David appeared a moment later. He looked different. The weight that had been crushing his shoulders for years seemed to have lifted. He was wearing clean clothes, and his eyes weren’t red for once.
He walked over to the bed and looked down at Elias. For a long time, neither of them spoke. The steady beep-beep of the heart monitor filled the silence.
“She had the surgery on Saturday,” David said, his voice thick. “The doctor says she’s going to be fine. She’ll be home by the weekend.”
Elias let out a long, slow breath. “And the money?”
“Miller brought it. He told the hospital it was an anonymous donation from a local estate. The Feds tried to seize it, but Miller… he’s a good man, Dad. He’d already processed the payment as a medical gift before they could get their paperwork in order.”
David sat on the edge of the bed. He reached out and took Elias’s hand. His grip was firm. “The club is gone. Jax, the guys from Vegas, the whole chapter… they’re all in custody. The Feds found enough at the shop and in the trucks to put them away for a long time. They’re calling you a hero in the papers.”
“I’m no hero, Dave,” Elias said. “I’m just a guy who finally finished his last job.”
“The bike,” David said, his voice dropping. “I’m sorry, Dad. I know how much that meant to you.”
Elias looked at his son, then at Sarah, who was climbing onto the end of the bed to be near him. “It was just metal, Dave. I spent my whole life thinking the club was my family. I spent forty years trying to protect a patch that didn’t mean a damn thing. The bike… it was just the last piece of that lie.”
He reached out and stroked Sarah’s hair. She leaned into his touch, her heart beating strong and steady under her ribs.
Two weeks later, Elias sat on the porch of David’s bungalow. His hands were bandaged, and his vision was still a blur, but the air felt different. It didn’t smell like oil and stale smoke anymore. It smelled like the river after a hard rain.
Miller pulled up in his cruiser. He got out and walked up the steps, carrying two cups of coffee.
“How you feeling, Easy?”
“Like I got run over by a freight train,” Elias said, taking the coffee. “But I’m still here.”
“I talked to the D.A.,” Miller said, leaning against the railing. “They aren’t going to press charges for the fire. They’re considering your ‘cooperation’ as full restitution. You’re a free man, Elias.”
“Free,” Elias repeated. The word felt strange in his mouth.
“What are you going to do now?”
Elias looked out at the street. He saw Sarah playing in the yard, running after a ball with a energy that seemed miraculous. He saw David coming out of the house, carrying a tray of sandwiches.
“I think I’m going to get my eyes fixed,” Elias said. “The doctor at the clinic says they can do the surgery now. I’d like to see my granddaughter’s face. Clearly. Just once.”
Miller nodded. “That sounds like a good plan.”
Elias sat back in his chair. He thought about the garage, now a blackened shell of brick and ash. He thought about the Shovelhead, sitting at the bottom of a scrap heap somewhere. He felt a twinge of sadness, the way one might feel for an old friend who had died to save another.
But then Sarah ran up the steps and jumped into his lap, her laughter ringing out like a silver bell.
“Pop! Look what I found!”
She held out a small, jagged piece of metal. It was a chrome bolt, blackened by fire but still recognizable. It must have been stuck in the tread of his boot the night of the explosion.

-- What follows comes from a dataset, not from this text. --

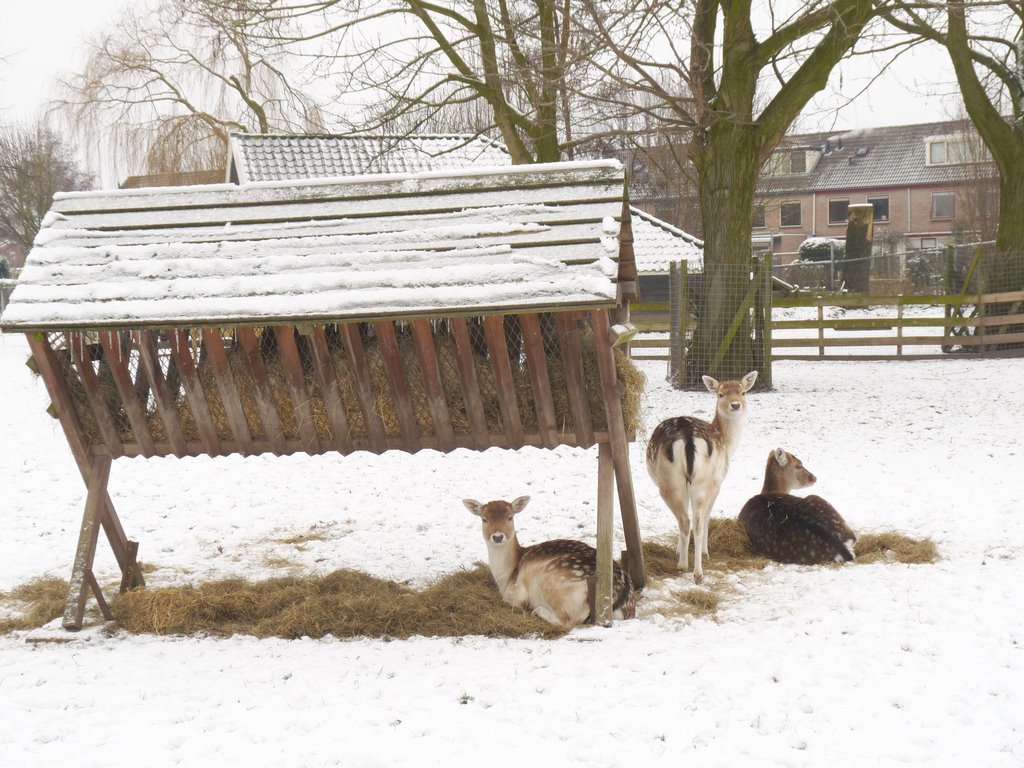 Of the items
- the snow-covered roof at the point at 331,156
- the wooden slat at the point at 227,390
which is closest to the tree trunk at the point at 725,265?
the snow-covered roof at the point at 331,156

Elias took the bolt in his scarred hand. He ran his thumb over the threads. He could still feel the precision of the work, the weight of the history.
“It’s a good bolt, Birdy,” he said, pulling her close. “But we don’t need it anymore.”
He tossed the bolt into the tall grass of the yard. It disappeared with a soft thud, lost in the green, away from the grease and the oil and the rust.
Elias closed his eyes and felt the warmth of the sun on his face. He was an old man in a dying town, and he couldn’t see much of anything. But for the first time in forty years, he knew exactly where he was, and exactly where he belonged.
He had no bike, no club, and no legacy but the girl in his arms. And as far as he was concerned, he’d never been richer.